» EXERCISE GOAL
Using the records below, write out again exactly the lines that begin at the line containing "HARRY POTTER GB" and end at the line containing "张sir账号流量增长课,告别海王流量,让你的流量更精准-创业资源网", and no other lines.

» DATA SHOWN
[Start of Attachment]
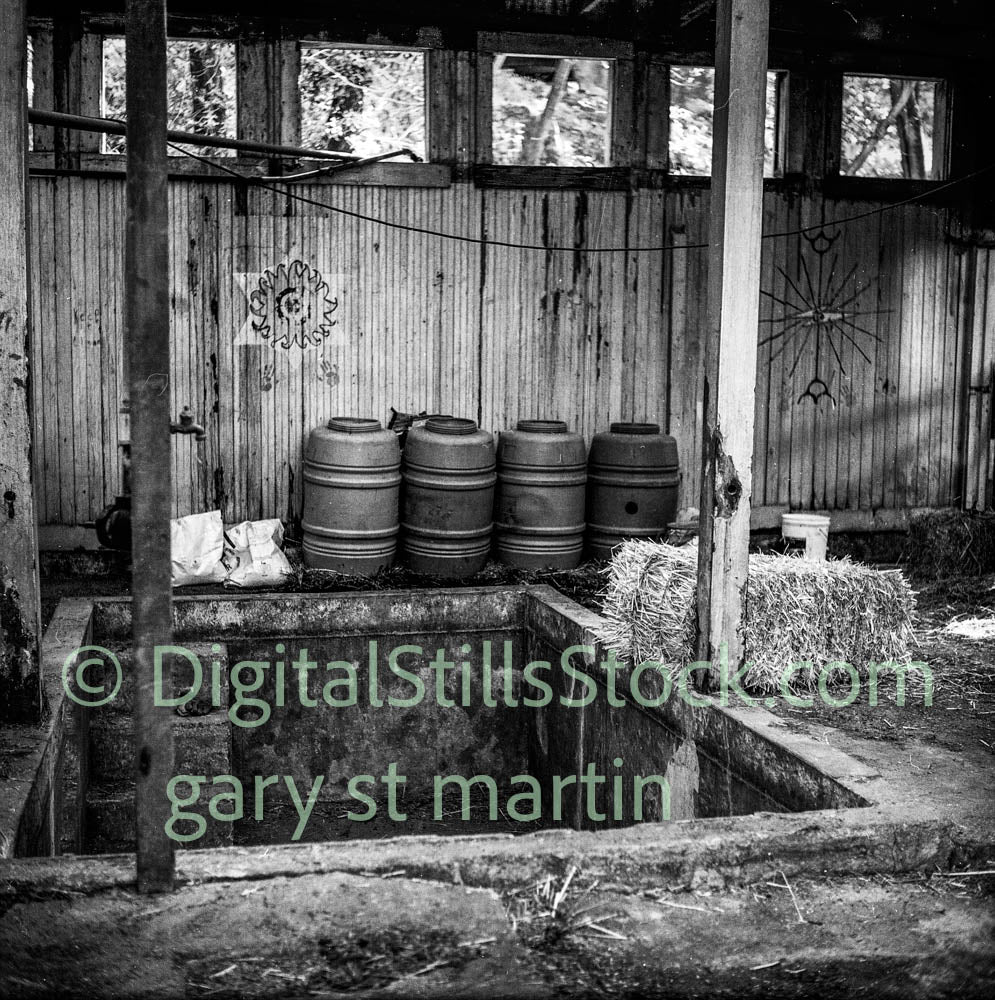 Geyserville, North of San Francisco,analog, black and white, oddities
[End of Attachment]
[Start of Attachment]
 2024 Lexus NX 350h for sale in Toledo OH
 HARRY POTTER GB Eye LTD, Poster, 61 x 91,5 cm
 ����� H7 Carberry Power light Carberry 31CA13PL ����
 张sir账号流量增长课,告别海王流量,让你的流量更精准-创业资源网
[End of Attachment]
[Start of Attachment]
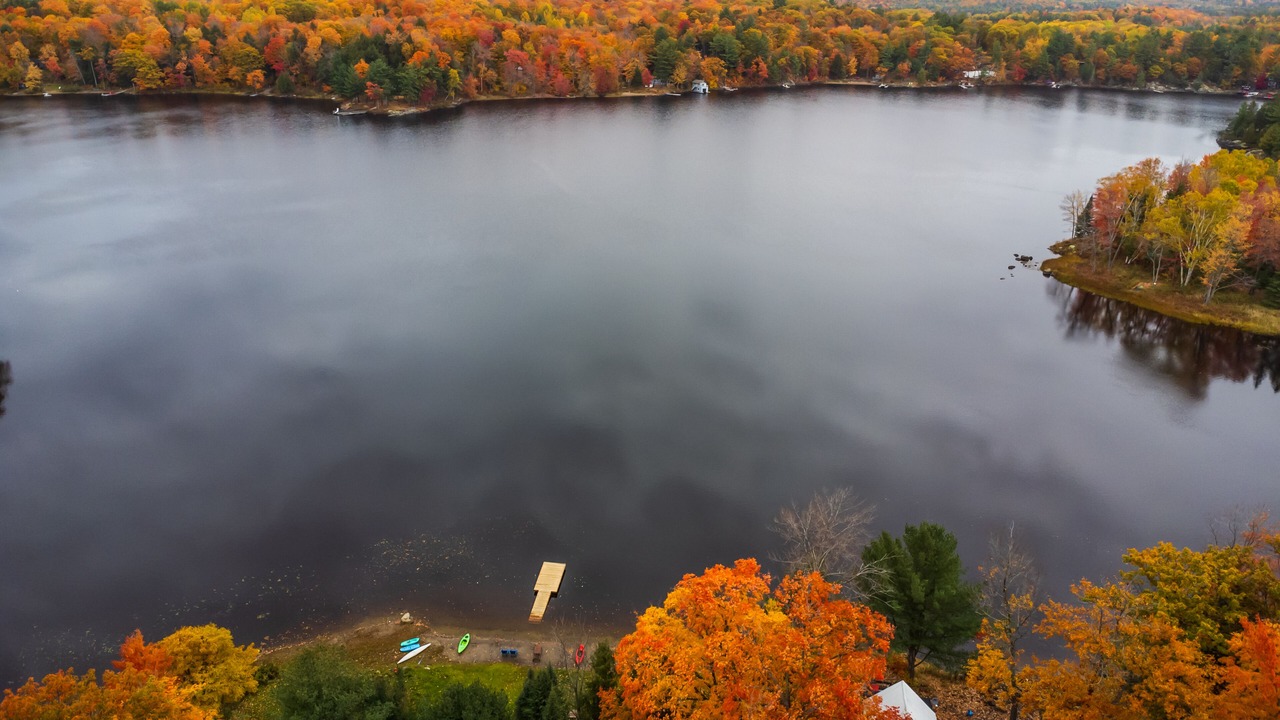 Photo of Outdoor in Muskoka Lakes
[End of Attachment]
» TASK OUTPUT
 HARRY POTTER GB Eye LTD, Poster, 61 x 91,5 cm
 ����� H7 Carberry Power light Carberry 31CA13PL ����
 张sir账号流量增长课,告别海王流量,让你的流量更精准-创业资源网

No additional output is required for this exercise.